*PROBLEM TO WORK ON*. In the entries below, find the line with "Okulary przeciwsłoneczne BARRIE BROWN" and the line with "AIR-GUN-402FT"; reproduce those two lines and all lines between them exactly, without pictures.

*DATA UNDER STUDY*.
# # # # # # #

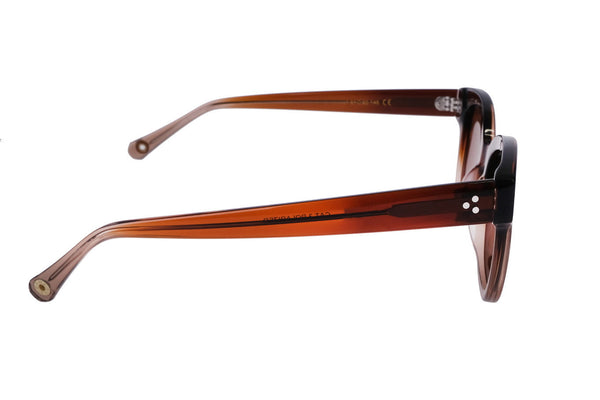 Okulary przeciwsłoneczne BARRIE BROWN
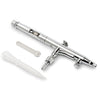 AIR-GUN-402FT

# # # # # # #

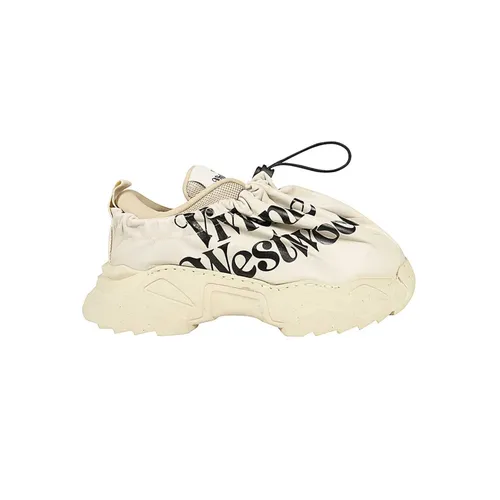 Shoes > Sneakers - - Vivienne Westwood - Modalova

# # # # # # #

*YOUR RESPONSE*.
 Okulary przeciwsłoneczne BARRIE BROWN
 AIR-GUN-402FT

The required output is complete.